Sabres Sign Winger to Major Deal That Could Test Team Chemistry

With the Sabres surging on the ice, GM Jarmo Kekalainen faces a high-stakes balancing act between rewarding success and preserving the team's hard-earned chemistry.

The Buffalo Sabres are rolling-and they just doubled down on their future.

In their first major move under new GM Jarmo Kekalainen, the Sabres locked up winger Josh Doan to a seven-year, $48.65 million extension, carrying a $6.95 million average annual value. It’s a bold commitment to a young forward who’s quickly become part of the club’s emerging core-and it signals that Buffalo isn’t just playing for now. They’re building something sustainable.

Let’s be clear: the Sabres are scorching hot. Heading into Saturday’s matinee against the Islanders, they were riding a 17-3-1 tear over their last 21 games-the best stretch in the NHL over that span.

And while Kekalainen hasn’t been in the GM chair long, he’s inherited a team that’s finally found its stride after years of frustration. That makes every decision from here on out a tightrope walk between keeping the current chemistry intact and planning for the long haul.

Josh Doan’s deal is a clear vote of confidence in the present and the future. But it also adds a layer of complexity to another big decision looming on the horizon: the contract status of Alex Tuch.

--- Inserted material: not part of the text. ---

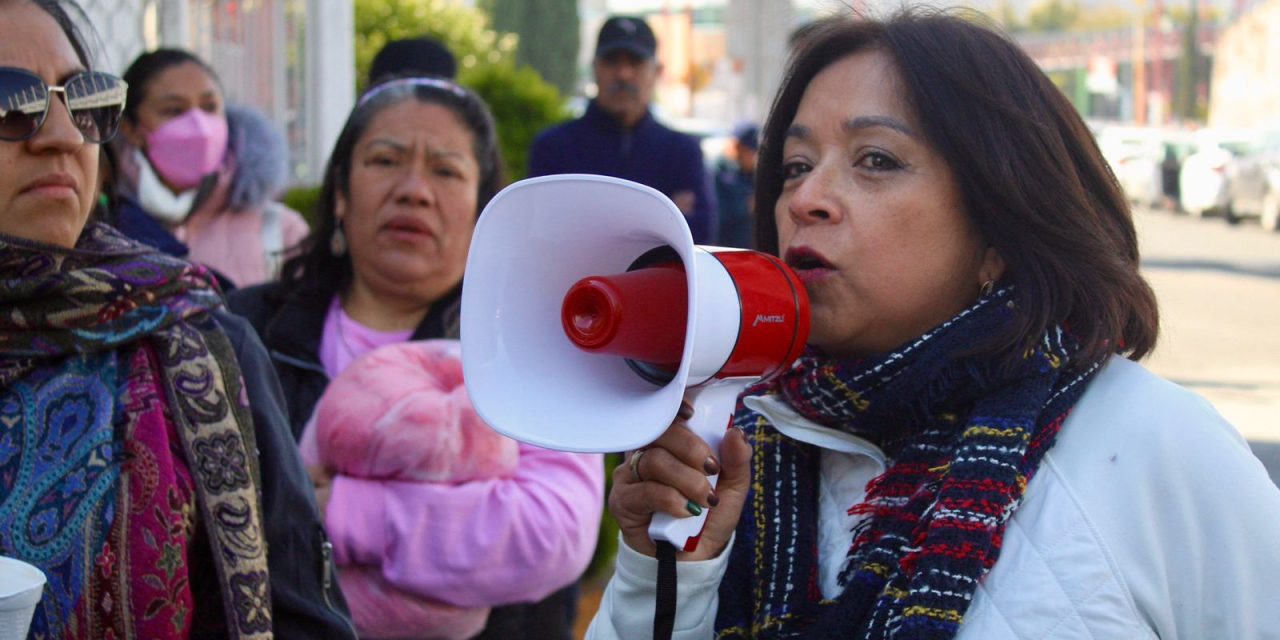 Sutspeeh vive tensión; piden elección limpia 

Tuch, a key piece of Buffalo’s top six and a fan favorite, is set to become an unrestricted free agent this summer. And while the Sabres would love to keep him in the fold, there’s a financial puzzle to solve. According to reports, Buffalo isn’t eager to go north of $10 million annually on an extension-understandable, considering other cap commitments are coming.

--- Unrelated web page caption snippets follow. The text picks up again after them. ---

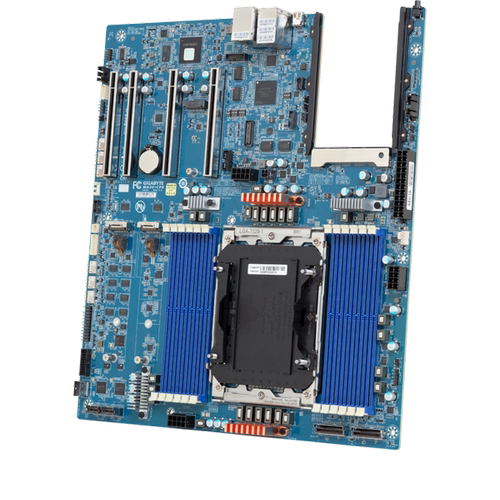 MA34-CP0技嘉主板 支持一个intel 6900 CPU全新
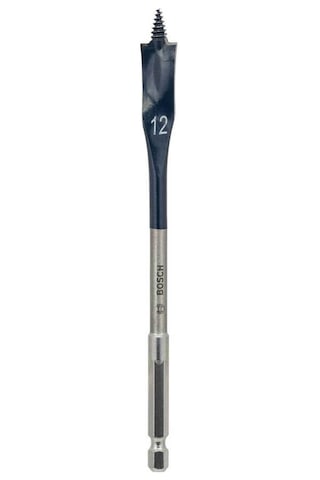 Bosch Self Cut Speed Serisi Ahşap için Yaprak Matkap Ucu 12*152 mm-2608595484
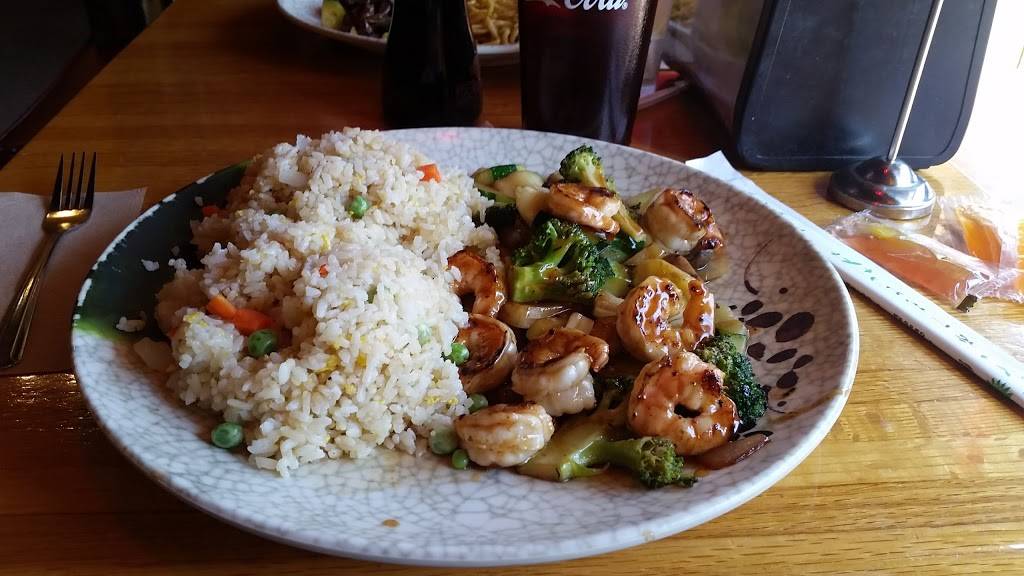 Ginger Hibachi | restaurant | 104 N Main St, Dickson, TN 37055, USA | 6153758157 OR +1 615-375-8157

Here’s the math: Doan, Zach Benson, and Michael Kesselring are all RFAs at season’s end. Add in the rising cost of Jeff Skinner’s buyout, which jumps to $6.44 million next year, and the Sabres are staring at a cap sheet that’s going to need some serious maneuvering. That’s why some insiders believe the team may delay talks with Benson and Kesselring until the offseason, freeing up time and space to focus on Tuch.

But there’s a catch. Tuch’s camp reportedly isn’t budging from their ask-more than $10 million per year on an eight-year deal, similar to the one L.A.'s Adrian Kempe signed earlier this season. That leaves Buffalo with a tough call: meet the price, trade him before the deadline, or let him walk in July for nothing.

That last option doesn’t exactly align with what Kekalainen said during his introductory press conference in December. At the time, he emphasized that he wouldn’t make short-sighted moves just to end the franchise’s 14-year playoff drought. But now that the postseason is within reach-and the Sabres look like a legitimate threat-his calculus may be shifting.

This is the kind of situation that tests a general manager’s philosophy. Do you hold onto a core player like Tuch as your own rental, hoping he helps fuel a deep playoff run, even if there’s a chance he walks? Or do you try to recoup value now, risking a disruption to the team’s momentum?

Kekalainen’s first big swing with the Doan deal shows he’s not afraid to commit to players he believes in. The next move-whatever it is-will tell us even more about how he plans to navigate this delicate balance between chasing wins now and securing Buffalo’s future.

The Sabres are back in the playoff conversation. The decisions they make over the next few weeks will determine whether they’re just visiting-or here to stay.